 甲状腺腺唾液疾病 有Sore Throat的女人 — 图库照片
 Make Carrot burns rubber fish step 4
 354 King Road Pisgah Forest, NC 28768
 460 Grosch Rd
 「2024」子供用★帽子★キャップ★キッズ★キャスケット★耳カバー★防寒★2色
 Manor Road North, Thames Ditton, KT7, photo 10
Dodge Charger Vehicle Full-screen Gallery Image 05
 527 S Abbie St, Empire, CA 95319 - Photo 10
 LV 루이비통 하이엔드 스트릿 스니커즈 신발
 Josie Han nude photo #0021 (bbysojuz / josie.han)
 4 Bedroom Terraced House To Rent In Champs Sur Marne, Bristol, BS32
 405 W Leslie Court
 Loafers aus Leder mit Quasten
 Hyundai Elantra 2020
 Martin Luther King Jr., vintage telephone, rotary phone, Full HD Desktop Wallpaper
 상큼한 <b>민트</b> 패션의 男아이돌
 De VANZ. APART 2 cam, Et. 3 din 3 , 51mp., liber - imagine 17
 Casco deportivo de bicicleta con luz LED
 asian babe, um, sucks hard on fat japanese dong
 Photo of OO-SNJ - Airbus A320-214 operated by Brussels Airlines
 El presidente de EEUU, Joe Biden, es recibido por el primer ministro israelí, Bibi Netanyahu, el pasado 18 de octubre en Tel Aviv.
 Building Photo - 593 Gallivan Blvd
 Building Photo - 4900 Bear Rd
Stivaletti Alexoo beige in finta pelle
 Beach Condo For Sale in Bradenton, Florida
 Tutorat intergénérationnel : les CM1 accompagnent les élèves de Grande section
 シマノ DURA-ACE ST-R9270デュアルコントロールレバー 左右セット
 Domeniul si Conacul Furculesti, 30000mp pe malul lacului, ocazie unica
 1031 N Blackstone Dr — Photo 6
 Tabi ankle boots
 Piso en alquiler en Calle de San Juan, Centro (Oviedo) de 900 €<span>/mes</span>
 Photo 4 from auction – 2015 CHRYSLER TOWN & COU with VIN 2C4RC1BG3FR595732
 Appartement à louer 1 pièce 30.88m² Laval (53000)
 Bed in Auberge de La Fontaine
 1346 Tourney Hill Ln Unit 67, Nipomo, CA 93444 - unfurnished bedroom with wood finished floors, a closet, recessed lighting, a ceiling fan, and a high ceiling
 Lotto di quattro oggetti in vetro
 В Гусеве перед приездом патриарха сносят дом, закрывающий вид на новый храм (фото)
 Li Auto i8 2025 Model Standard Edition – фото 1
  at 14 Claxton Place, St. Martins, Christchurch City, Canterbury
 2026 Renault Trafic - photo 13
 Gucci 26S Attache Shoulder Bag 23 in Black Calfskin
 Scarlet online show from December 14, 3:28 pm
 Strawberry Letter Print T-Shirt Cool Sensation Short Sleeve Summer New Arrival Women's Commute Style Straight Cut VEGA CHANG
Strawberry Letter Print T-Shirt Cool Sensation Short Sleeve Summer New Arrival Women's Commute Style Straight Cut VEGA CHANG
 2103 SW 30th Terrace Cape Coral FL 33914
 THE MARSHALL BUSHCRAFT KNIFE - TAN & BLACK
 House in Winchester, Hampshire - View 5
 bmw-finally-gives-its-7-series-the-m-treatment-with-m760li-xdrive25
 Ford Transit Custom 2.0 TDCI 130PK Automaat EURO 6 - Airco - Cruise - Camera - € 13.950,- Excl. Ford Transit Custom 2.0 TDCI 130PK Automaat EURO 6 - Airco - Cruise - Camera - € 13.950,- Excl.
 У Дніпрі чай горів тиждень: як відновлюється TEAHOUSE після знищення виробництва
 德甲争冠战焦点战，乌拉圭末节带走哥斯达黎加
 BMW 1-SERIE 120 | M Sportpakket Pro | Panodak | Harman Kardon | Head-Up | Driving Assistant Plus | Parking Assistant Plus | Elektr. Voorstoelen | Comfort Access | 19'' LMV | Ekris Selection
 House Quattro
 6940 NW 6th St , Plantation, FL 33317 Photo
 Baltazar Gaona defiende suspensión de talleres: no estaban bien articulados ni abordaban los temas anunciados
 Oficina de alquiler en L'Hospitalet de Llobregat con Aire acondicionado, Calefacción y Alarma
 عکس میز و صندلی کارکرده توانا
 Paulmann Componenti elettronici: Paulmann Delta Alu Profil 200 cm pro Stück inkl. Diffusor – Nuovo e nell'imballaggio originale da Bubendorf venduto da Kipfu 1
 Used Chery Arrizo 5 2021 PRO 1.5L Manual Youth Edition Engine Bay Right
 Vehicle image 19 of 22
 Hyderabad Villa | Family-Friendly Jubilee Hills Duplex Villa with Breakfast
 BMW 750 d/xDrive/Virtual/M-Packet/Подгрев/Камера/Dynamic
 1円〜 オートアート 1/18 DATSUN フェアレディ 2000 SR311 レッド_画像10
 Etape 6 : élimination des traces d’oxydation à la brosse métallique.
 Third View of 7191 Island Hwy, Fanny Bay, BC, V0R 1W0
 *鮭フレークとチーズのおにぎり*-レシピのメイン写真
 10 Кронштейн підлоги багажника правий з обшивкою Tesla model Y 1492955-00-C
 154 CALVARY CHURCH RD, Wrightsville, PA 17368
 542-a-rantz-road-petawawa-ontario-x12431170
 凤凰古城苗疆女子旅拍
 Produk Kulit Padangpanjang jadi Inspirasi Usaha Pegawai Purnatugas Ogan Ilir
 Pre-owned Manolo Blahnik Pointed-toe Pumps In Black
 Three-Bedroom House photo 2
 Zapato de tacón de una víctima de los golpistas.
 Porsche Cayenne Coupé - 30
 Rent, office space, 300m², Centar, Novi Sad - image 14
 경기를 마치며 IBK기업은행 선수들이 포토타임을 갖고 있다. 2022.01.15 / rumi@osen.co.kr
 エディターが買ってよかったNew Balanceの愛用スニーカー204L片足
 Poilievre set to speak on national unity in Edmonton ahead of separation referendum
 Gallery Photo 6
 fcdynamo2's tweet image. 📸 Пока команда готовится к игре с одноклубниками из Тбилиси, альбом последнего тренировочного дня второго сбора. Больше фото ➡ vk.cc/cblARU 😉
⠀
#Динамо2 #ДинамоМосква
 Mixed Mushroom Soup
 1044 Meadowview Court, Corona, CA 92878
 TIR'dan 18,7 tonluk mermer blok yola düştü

> **Task to complete**
The answer is a single number: how many lines in the data above hold the string "Arrival".

> **Solution to this exercise**
2